I'll defer to your taste on this but personally I find it a little easier to read with the 0/1 edge cases extracted

Suggested change

private def makeHybridSearchRequest(

query: String,

queryEmbedding: List[Double],

k: Int,

numCandidates: Int,

vecWeight: Double,

maxScore: Double

)(implicit logMarker: LogMarker): SearchRequest = {

val knn = Knn("embedding.cohereEmbedV4.image")

.queryVector(queryEmbedding)

.k(k)

.numCandidates(numCandidates)

.boost(if (vecWeight > 0.0) 1.0 else 0.0)

val lexicalWeight = 1.0 - vecWeight

// KNN results are in [0,1], but BM25 scores are unbounded and typically much

// larger than cosine similarity, so we need to apply a scaling factor to the

// BM25 score to bring it to the same range as the cosine similarity.

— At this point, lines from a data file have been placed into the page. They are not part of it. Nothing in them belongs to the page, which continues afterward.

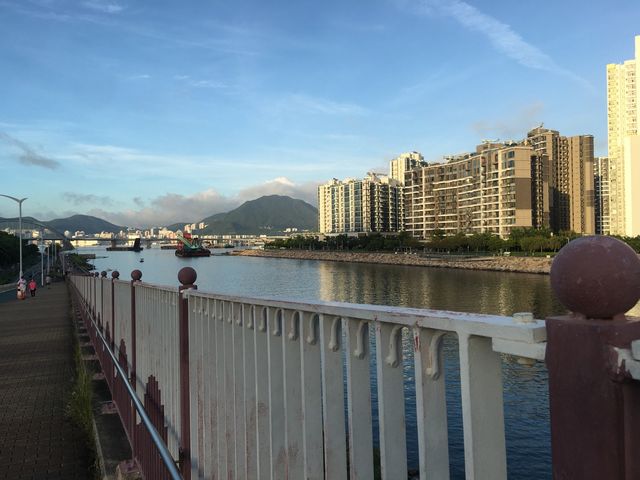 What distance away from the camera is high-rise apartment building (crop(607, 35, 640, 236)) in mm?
99562

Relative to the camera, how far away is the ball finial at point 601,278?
1191 mm

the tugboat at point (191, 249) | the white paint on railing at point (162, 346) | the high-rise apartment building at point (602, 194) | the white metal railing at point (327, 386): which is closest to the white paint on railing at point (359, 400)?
the white metal railing at point (327, 386)

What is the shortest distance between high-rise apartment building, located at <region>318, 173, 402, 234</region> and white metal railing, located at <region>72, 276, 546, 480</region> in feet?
556

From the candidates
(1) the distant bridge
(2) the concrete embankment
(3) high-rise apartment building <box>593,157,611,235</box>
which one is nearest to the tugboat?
(1) the distant bridge

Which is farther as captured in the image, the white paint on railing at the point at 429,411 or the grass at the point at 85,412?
the grass at the point at 85,412

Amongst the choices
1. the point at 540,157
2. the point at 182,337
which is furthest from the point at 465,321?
the point at 540,157

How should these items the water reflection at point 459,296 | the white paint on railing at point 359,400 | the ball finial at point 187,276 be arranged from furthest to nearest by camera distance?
1. the water reflection at point 459,296
2. the ball finial at point 187,276
3. the white paint on railing at point 359,400

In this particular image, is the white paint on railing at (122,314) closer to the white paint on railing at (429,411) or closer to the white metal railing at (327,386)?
the white metal railing at (327,386)

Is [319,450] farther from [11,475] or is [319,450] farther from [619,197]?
[619,197]

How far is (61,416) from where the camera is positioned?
7.56 meters

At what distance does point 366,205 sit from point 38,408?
167 m

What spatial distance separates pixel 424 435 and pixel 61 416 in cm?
745

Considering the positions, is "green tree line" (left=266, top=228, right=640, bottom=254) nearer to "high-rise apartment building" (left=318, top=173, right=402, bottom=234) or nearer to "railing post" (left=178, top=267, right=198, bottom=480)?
"high-rise apartment building" (left=318, top=173, right=402, bottom=234)

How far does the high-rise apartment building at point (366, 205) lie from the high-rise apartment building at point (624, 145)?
70.1 m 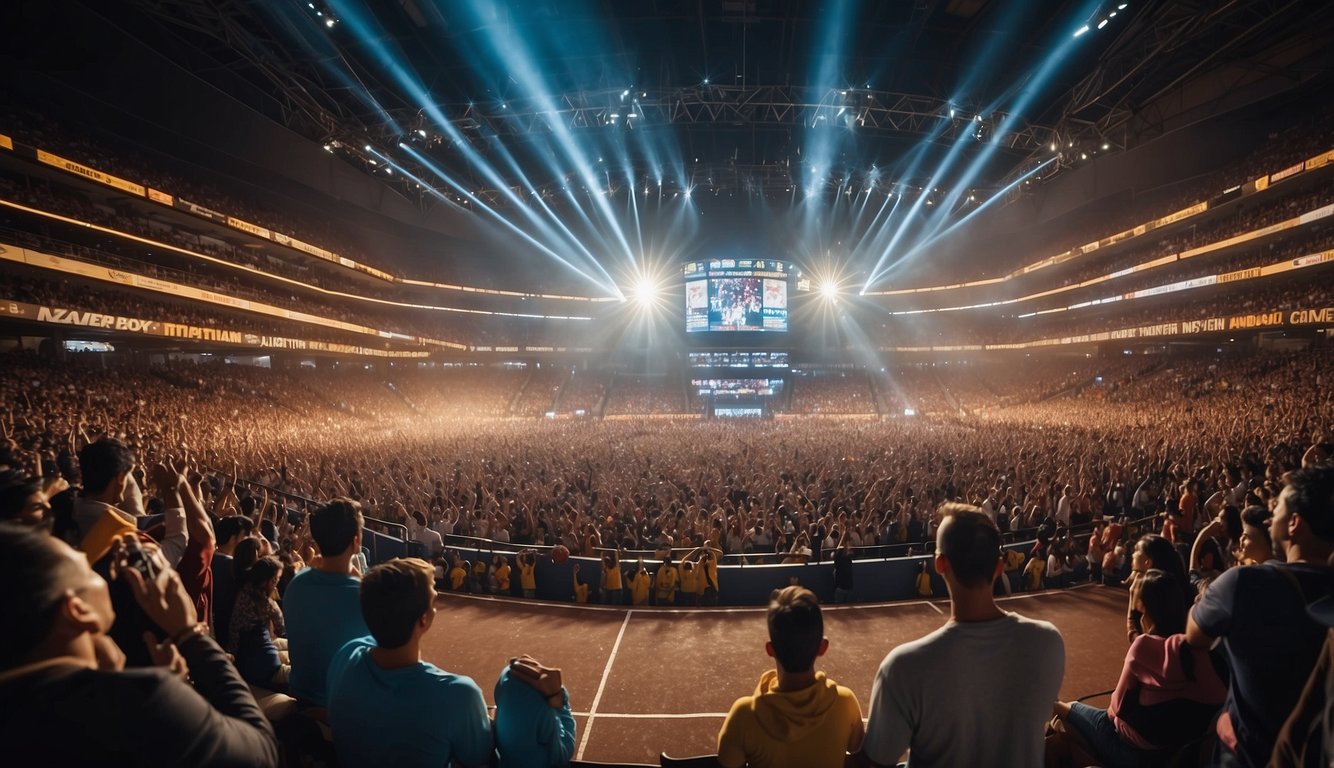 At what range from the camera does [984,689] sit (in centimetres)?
222

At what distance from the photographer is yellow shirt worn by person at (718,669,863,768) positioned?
2.30m

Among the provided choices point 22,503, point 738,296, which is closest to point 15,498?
point 22,503

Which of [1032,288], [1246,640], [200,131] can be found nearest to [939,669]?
[1246,640]

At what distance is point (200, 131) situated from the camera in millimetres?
28453

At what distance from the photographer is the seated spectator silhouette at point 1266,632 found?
226 centimetres

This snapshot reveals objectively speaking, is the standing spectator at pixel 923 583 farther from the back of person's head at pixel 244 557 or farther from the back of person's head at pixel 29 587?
the back of person's head at pixel 29 587

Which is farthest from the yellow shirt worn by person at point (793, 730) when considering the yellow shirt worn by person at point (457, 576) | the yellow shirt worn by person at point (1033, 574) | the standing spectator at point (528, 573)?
the yellow shirt worn by person at point (1033, 574)

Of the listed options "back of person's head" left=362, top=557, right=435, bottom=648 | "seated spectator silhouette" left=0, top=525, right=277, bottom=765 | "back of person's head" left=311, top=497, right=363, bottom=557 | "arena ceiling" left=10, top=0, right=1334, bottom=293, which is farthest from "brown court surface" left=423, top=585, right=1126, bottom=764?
"arena ceiling" left=10, top=0, right=1334, bottom=293

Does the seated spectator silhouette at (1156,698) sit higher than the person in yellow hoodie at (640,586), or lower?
higher

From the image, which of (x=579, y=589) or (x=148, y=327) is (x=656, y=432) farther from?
(x=148, y=327)

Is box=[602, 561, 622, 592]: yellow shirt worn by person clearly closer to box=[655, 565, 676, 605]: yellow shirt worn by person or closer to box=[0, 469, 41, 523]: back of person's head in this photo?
box=[655, 565, 676, 605]: yellow shirt worn by person

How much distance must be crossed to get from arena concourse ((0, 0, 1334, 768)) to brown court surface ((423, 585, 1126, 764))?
0.26ft

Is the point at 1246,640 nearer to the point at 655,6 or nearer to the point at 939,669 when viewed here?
the point at 939,669

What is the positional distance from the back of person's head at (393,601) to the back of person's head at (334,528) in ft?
3.07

val scalingFactor = if (maxScore > 0.0) 1.0 / maxScore else 1.0

// We want to apply only one boost if we can help it, so we scale the

// multi_match boost to be in line with the max_score and the desired

// lexical_weight/vec_weight balance

val multiMatchBoost = if (vecWeight > 0.0) (lexicalWeight / vecWeight) * scalingFactor else 1.0

logger.info(logMarker, s"Scaling factor for BM25 score is $scalingFactor, multi-match boost is $multiMatchBoost")

val multiMatchQuery = createMultiMatchQuery(query, boost = Some(multiMatchBoost))

ElasticDsl.search(imagesCurrentAlias)

.bool(BoolQuery().should(Seq(multiMatchQuery, knn)))

.size(k)

}

private def combineMultiMatchAndKnn(

multiMatchQuery: MultiMatchQuery,

knn: Knn,

vecWeight: Double,

maxScore: Double

)(implicit logMarker: LogMarker): BoolQuery = {

val lexicalWeight = 1.0 - vecWeight

// KNN results are in [0,1], but BM25 scores are unbounded and typically much

// larger than cosine similarity, so we need to apply a scaling factor to the

// BM25 score to bring it to the same range as the cosine similarity.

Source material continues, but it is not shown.